**Task to complete:**
Beginning with the line that has "Kia Sorento, 2.0" and ending with the line that has "Reed Diffuser Christmas Fir Forest", retype the entries below exactly, except for the pictures.

**Records supplied:**
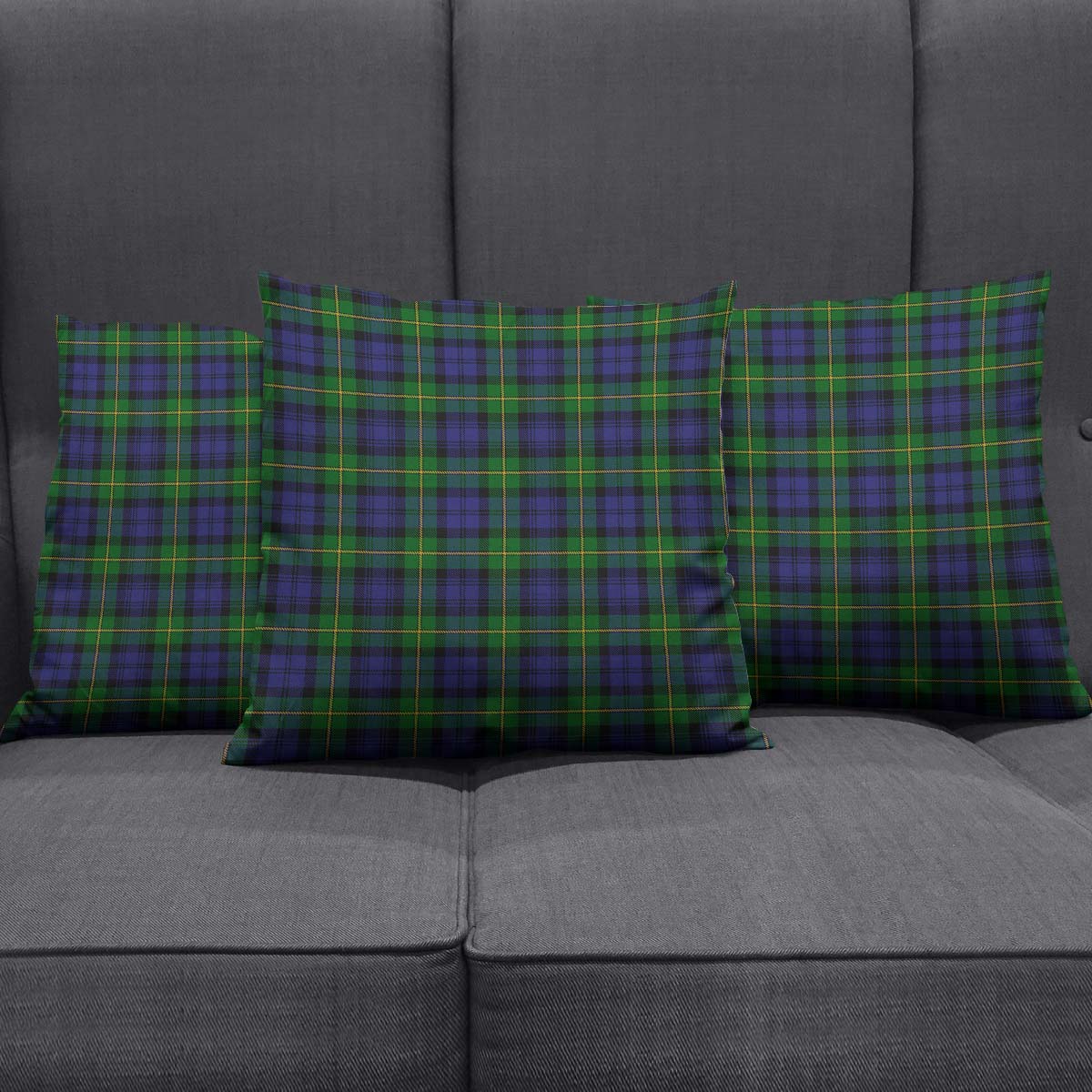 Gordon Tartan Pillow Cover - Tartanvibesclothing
---
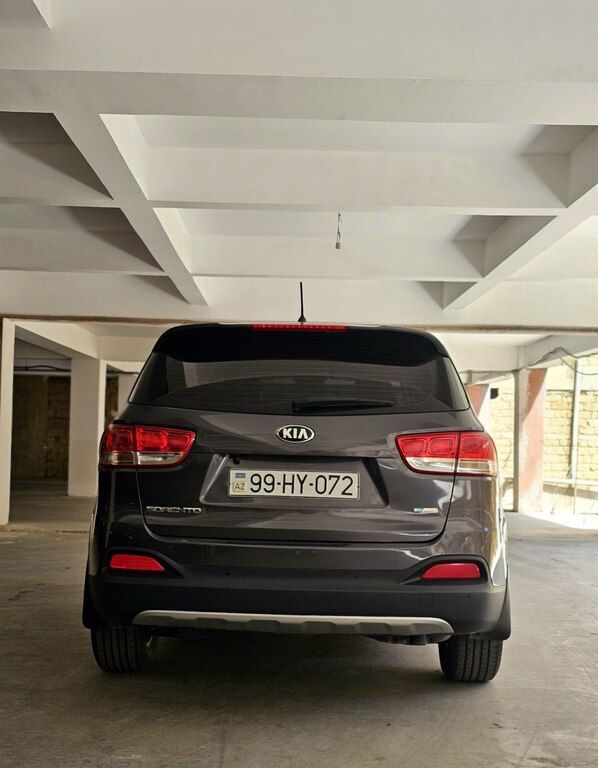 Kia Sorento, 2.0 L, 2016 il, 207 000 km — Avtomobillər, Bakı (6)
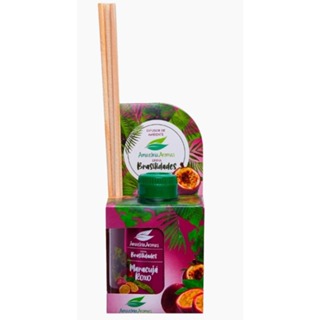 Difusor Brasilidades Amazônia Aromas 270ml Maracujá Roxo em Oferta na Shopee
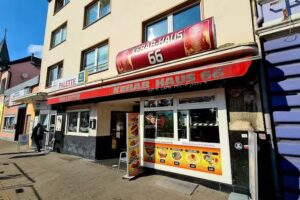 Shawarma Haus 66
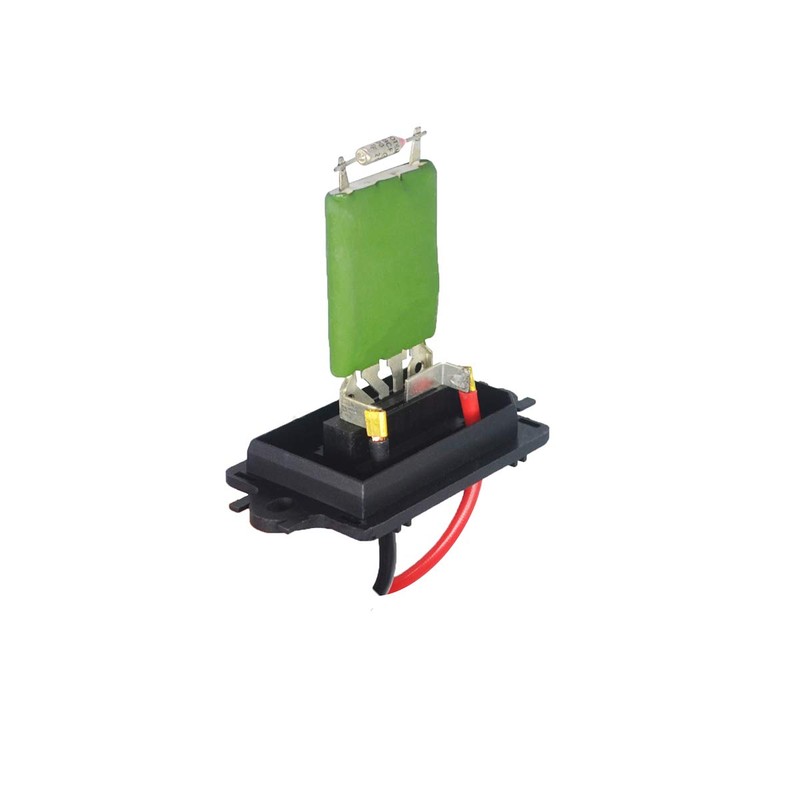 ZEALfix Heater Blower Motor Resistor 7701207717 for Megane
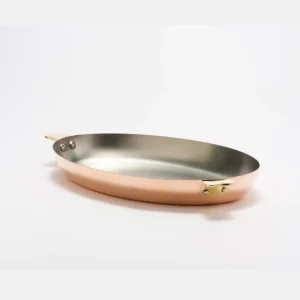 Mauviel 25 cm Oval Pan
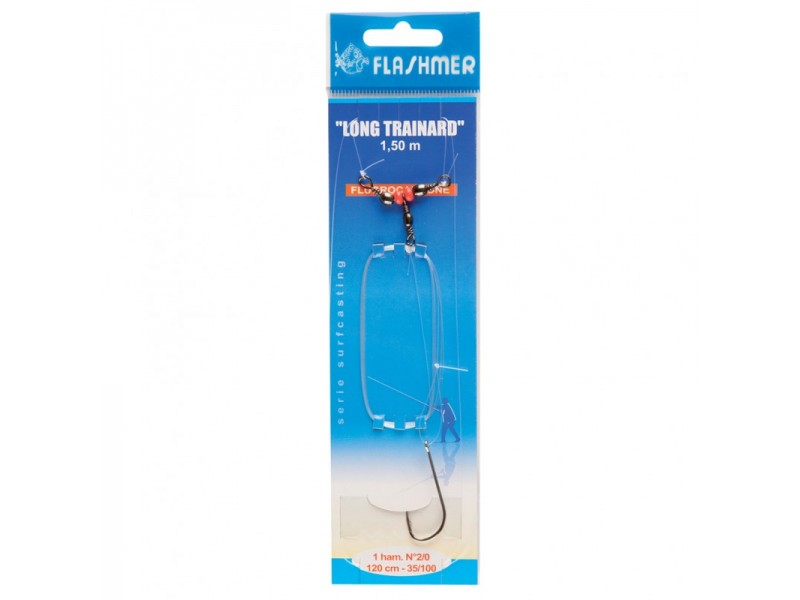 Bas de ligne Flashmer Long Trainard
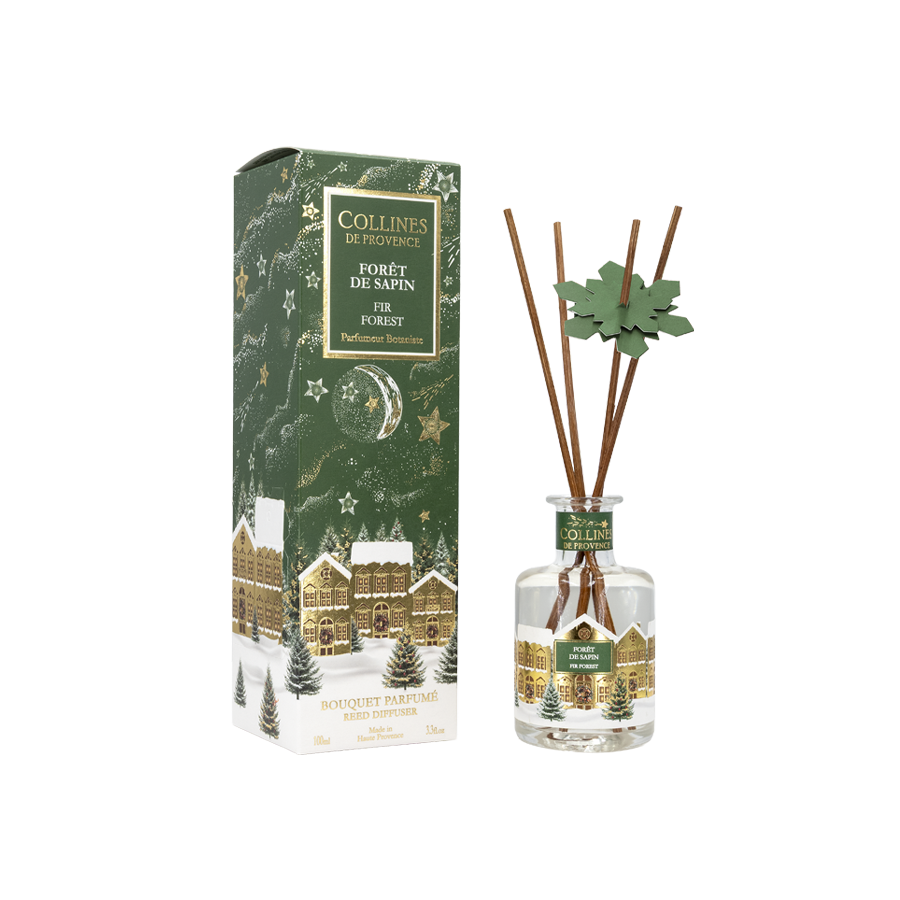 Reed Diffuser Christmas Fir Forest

**Answer below:**
 Kia Sorento, 2.0 L, 2016 il, 207 000 km — Avtomobillər, Bakı (6)
 Difusor Brasilidades Amazônia Aromas 270ml Maracujá Roxo em Oferta na Shopee
 Shawarma Haus 66
 ZEALfix Heater Blower Motor Resistor 7701207717 for Megane
 Mauviel 25 cm Oval Pan
 Bas de ligne Flashmer Long Trainard
 Reed Diffuser Christmas Fir Forest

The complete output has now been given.